Non esistono, infatti, requisiti dirimenti relativi al valore, alla natura o alle dimensioni del bene.
L'affidamento condiviso riguarda i beni materiali e immateriali ricompresi nella sfera familiare, con particolare riferimento alla casa familiare, agli immobili e ai beni patrimoniali destinati alle esigenze dei figli.
Il giudice, nel regolare gli effetti della separazione, valuta l’interesse prevalente dei minori al mantenimento della stabilità domestica e delle abitudini preesistenti. In caso di beni in comproprietà, si predilige una soluzione che eviti traumi o improvvisi cambiamenti nelle condizioni di vita dei figli.
Sono ricompresi anche i beni mobili, i conti correnti destinati a scopi educativi o di mantenimento, e le altre misure per i figli.
Tra i beni oggetto di attenzione dall’autorità giudiziaria, dopo una separazione o un divorzio, la casa familiare assume un rilievo centrale.
La disciplina stabilisce che l’assegnazione della casa tenga conto, in via prioritaria, dell’interesse dei minori, anche se l’immobile non è di proprietà del genitore collocatario con cui i figli vivranno.
Meno frequente l’assegnazione al genitore non collocatario, che resta comunque titolato a mantenere un rapporto di visita strutturato e quotidianità con i figli.

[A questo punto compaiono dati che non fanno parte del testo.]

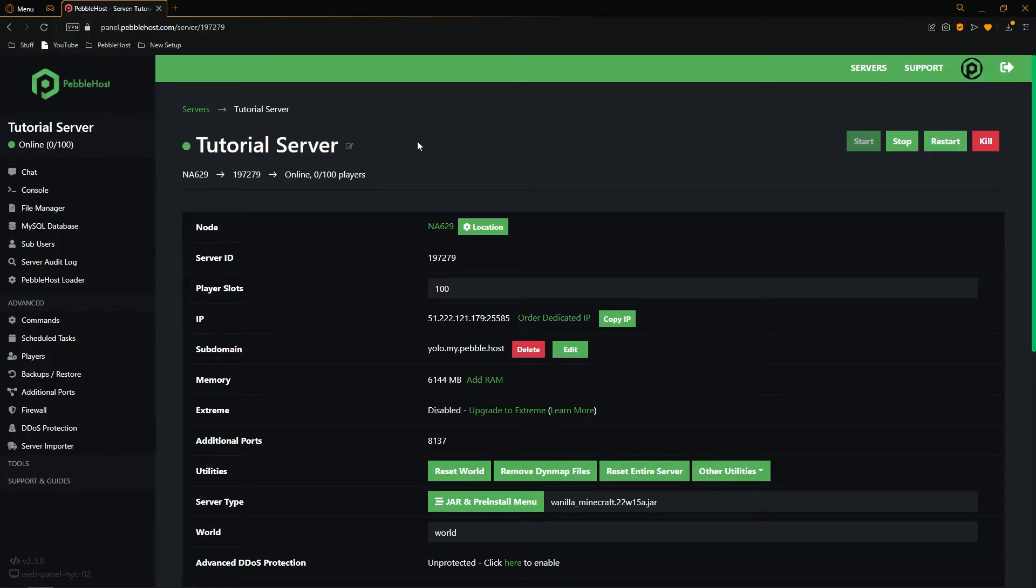So as you can see our server has started up successfully. So now I'm going to show you the second method.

Per gli altri beni patrimoniali (ad esempio: risparmi intestati ai figli, beni mobili divisibili), si applicano criteri di equità e di vigilanza sul corretto utilizzo.
Per quanto riguarda i figli, stando a quanto stabilito dalla normativa vigente, l’affidamento condiviso comporta che entrambi i genitori esercitino la responsabilità genitoriale, gestendo sia i beni materiali sia quelli immateriali di interesse familiare.
Spesso il giudice, pur disponendo il regime condiviso, individua un genitore presso cui i figli fissano la residenza abituale, tenendo conto della stabilità e delle abitudini pregresse.
Si prevedono di consueto calendari di visita, suddivisione dei tempi e regolamentazione dei rapporti economici, con particolare attenzione ai bisogni dei figli e all’equilibrio tra le parti.
Anche i beni patrimoniali specifici, come la casa familiare o altri asset, sono oggetto di valutazione nell’ambito della più ampia regolazione delle relazioni domestiche.
La responsabilità genitoriale, secondo la normativa attuale, richiede che le decisioni ordinarie relative a mantenimento e cura dei figli siano gestite in autonomia da ciascun genitore nel proprio tempo di convivenza.
Le scelte di straordinaria amministrazione, come l’iscrizione scolastica, terapie mediche o gestione di beni rilevanti, sono invece assunte congiuntamente, salvo diverso accordo o necessità di intervento giudiziale in caso di conflitto.
Il principio di condivisione si estende anche all’amministrazione dei beni riconducibili ai figli, che deve avvenire nell’ottica della loro tutela e della gestione responsabile.